Seorang dokter umum honorer pernah meminta pendapat di salah satu grup dokter di 'facebook' yang intinya menanyakan apakah dia berhak mendapat bagian dari dana jasa medis sebuah asuransi yang pasiennya dia layani, karena pimpinan institusinya menyatakan tidak dibagi, sebab dia hanyalah honorer.
Banyak tanggapan dari teman sejawat, ada yang bilang harusnya dapat,ada yang beranggapan tergantung kebijakan si pimpinan dan saat ditanya apa perjanjian kerjanya sebagai honorer? Dia hanya diberi hak uang bulanan 1,5 juta. Selesai. Jadi kalau institusinya ada dana dari asuransi tertentu yang pasiennya banyak, perjanjiannya tetap 1,5 juta sebulan.

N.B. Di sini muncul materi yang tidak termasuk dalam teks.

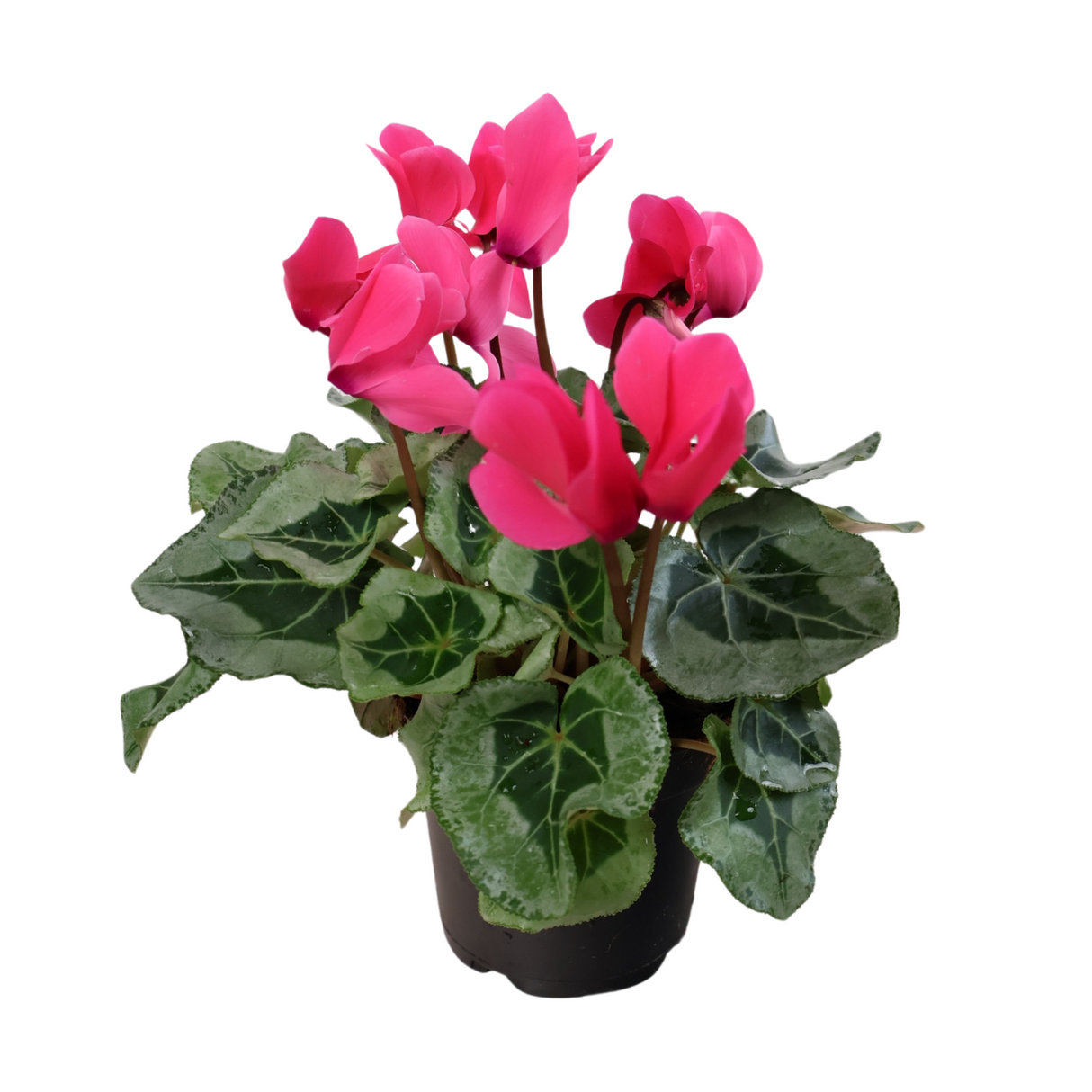 Cyclamen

Kasus kedua ada teman saya spesialis mau menjadi tenaga tidak tetap (PTT) di sebuah rumah sakit dengan gaji 3 juta sebulan. Dia dianggap 'fulltime' walau statusnya tidak tetap. Tetapi karena kebutuhan pelayanan, rumah sakit itu mengajak kerja sama 3 spesialis lain dengan status 'spesialis tamu' dan perjanjiannya adalah jasa medis pertarif layanan. Maka 'si tamu' bisa saja sebulan gajinya hanya nol rupiah kalau tidak ada pasien, tetapi bisa gajinya 20 juta sebulan jika pasiennya 200 orang. Teman saya pun 'kecele' hanya tetap menerima 3 juta sebulan dan meminta berhenti lalu pindah ke rumah sakit lain yang pembayarannya lebih bisa diterima.

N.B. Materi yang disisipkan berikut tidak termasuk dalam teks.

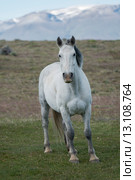 Horse in field. Стоковое фото, фотограф Keith Levit / Ingram Publishing / Фотобанк Лори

Dari kedua kasus itu, tampaknya para dokter banyak yang kurang hati-hati membaca perjanjian kerja dan tata cara pembagian jasa medis di institusinya. Yang penting kerja dulu di tempat yang 'bonafide', urusan jasa medis nanti diurusi belakangan. Sesudah berjalan, dirasakan perbedaan antara sesama sejawat, timbul kecemburuan. Padahal, bisa saja 2 orang dokter di sebuah institusi dibayar dengan cara berbeda, satu sistem 'borongan', sementara yang lain sistem 'fee for service'.
Manajemen sebuah institusi memang harus punya strategi bagaimana menggaji karyawannya, yang 'skillfull' dan sangat perlu dipertahankan, maka gajinya ada 'minimal/ waranty fee', sementara yang 'skill-nya' tidak terlalu dibutuhkan akan dibayar 'borongan' atau malah sebatas 'UMR' propinsi.

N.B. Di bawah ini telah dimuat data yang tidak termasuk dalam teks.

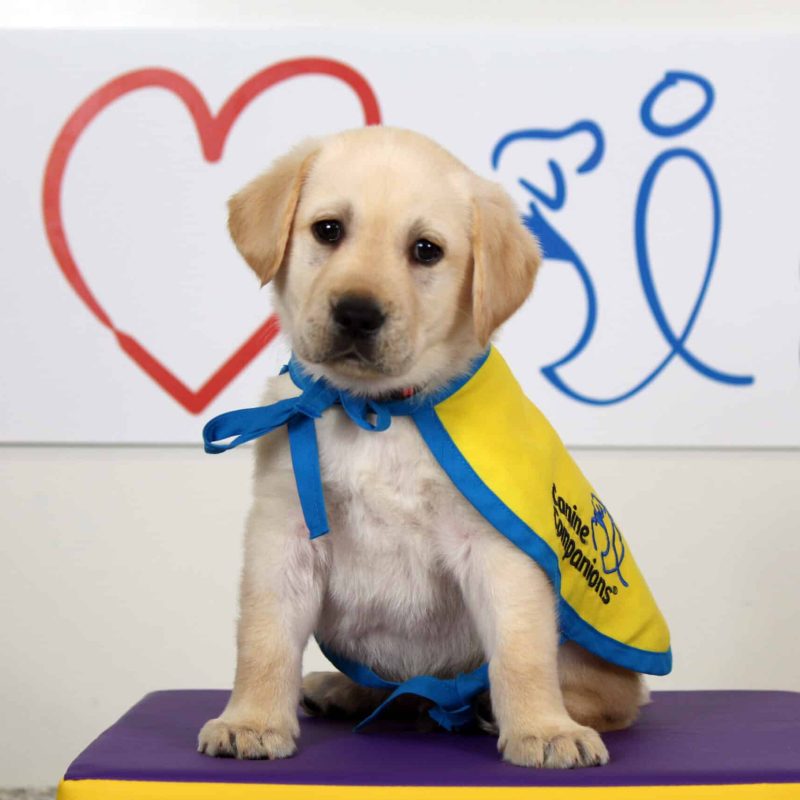 A yellow lab puppy in a yellow puppy cape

Maka dari itu, cobalah ke sekretariat institusi kesehatan tempat bekerja dan pelajari lagi perjanjian kerja dan pola penggajiannya, apakah sudah tidak sesuai dengan harapan dan bukalah ruang untuk 'negosiasi ulang'.
Tetapi kalau malah tidak ada perjanjian kerja sama sekali ataupun tidak ada keterangan bagaimana cara membagi jasa medis, itu kesempatan baik untuk memulai 'negosiasi' bila perlu melibatkan serikat buruh atau departemen tenaga kerja setempat.
Semoga demikian, tidak ada lagi yang bertanya tentang hak-haknya ke dunia maya atau curhat ke teman sejawat lain, padahal dengan pimpinannya sendiripun ternyata memang belum ada kesepakatan.